Economist David Rosenberg: Surging Oil Prices Could Trigger Deflationary Bust, Not Stagflation
As geopolitical tensions in the Middle East send crude prices soaring, a familiar specter is haunting financial markets: stagflation. Yet one veteran economist is pushing back against the prevailing narrative, forecasting a very different—and perhaps more painful—outcome.
David Rosenberg, founder of Rosenberg Research, contends that the current oil shock is more likely to precipitate a sharp disinflationary downturn rather than a prolonged period of high inflation coupled with stagnant growth. In an exclusive interview, Rosenberg detailed his view that the demand destruction caused by soaring energy costs will far outweigh any transient inflationary pressure.
"The market is focusing on the immediate price spike, but the real story is the coming collapse in consumer spending power," Rosenberg told us. "This isn't a recipe for stagflation; it's a recipe for a deflationary squeeze by the fourth quarter."
The anxiety was palpable this week as Brent crude surged past $92 a barrel and West Texas Intermediate topped $91—levels not seen since last autumn. The parallel to the oil crises of the 1970s, which ushered in a brutal era of stagflation, was drawn by many analysts. Investor reaction was swift, with both equities and bonds selling off on fears that rising energy costs would re-ignite broader consumer price inflation.
Rosenberg, however, points to recent history as a guide. He cites the inflation trajectory following Russia's invasion of Ukraine in 2022, when headline CPI peaked around 9% only to fall sharply as demand buckled under the weight of higher prices and aggressive Federal Reserve tightening. An even starker example came in 2008, when oil hit $150 a barrel just as the global financial crisis unfolded, causing quarterly inflation to plummet from 7.9% to 2.6%.
"The mechanism is straightforward," Rosenberg explained. "A massive cost-push squeeze on real incomes will lead to disinflation or outright deflation in other sectors of the economy. That's the dynamic most are missing right now."
He anticipates a short-lived uptick in inflation readings over the next few months, followed by a dramatic decline as the cumulative weight of high prices forces households and businesses to retrench. "This demand shock," he argues, "will ultimately bring inflation down more sharply than if the oil spike had never occurred."
Voices from the Floor
Michael Chen, Portfolio Manager at Horizon Capital: "Rosenberg is making a nuanced but critical point. The market is myopically focused on the supply shock. The larger, lagged effect on consumption is what will define the 2024 economic story."

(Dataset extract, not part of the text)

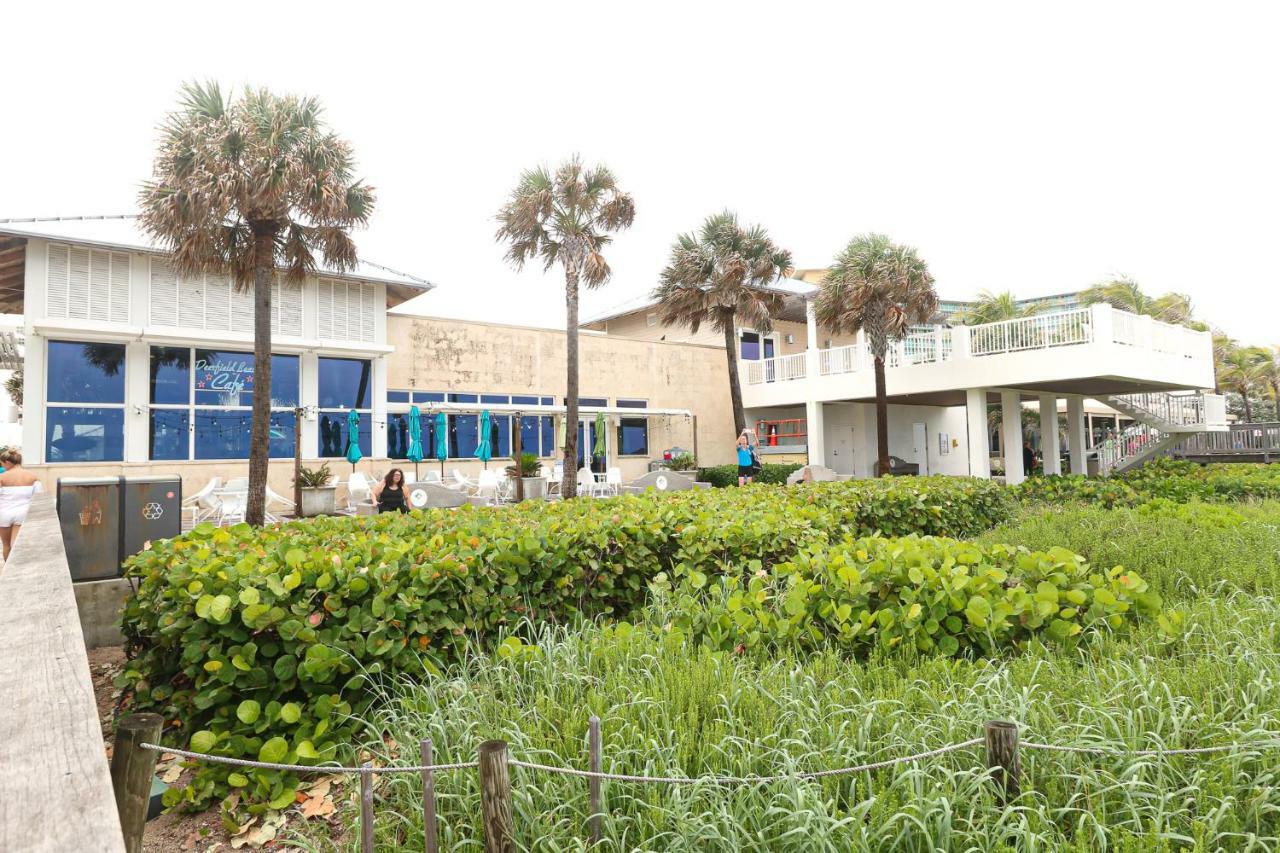 Atlantique Beach House Hotel ディアフィールド・ビーチ エクステリア 写真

Sarah Jennings, Chief Economist at Flintridge Advisory: "While the demand-destruction argument has merit, it presupposes the Fed remains passive. If they misread the initial inflation bump as persistent and over-tighten, we could indeed get a stagflationary mix of weak growth and sticky prices."
Gregory "Ray" Holt, independent market commentator: "This is dangerously complacent. To think a war-driven energy crisis is *deflationary* is economic sophistry. It ignores the structural inflation embedded in deglobalization and green transition costs. Rosenberg is preparing a soft landing narrative for a plane that's already lost an engine."
Priya Vaswani, Senior Analyst at Cedar Street Research: "The key is the labor market. If employment holds up, demand destruction may be limited. But if job losses accelerate, Rosenberg's deflationary scenario becomes the base case. We're watching high-frequency consumption data for cracks."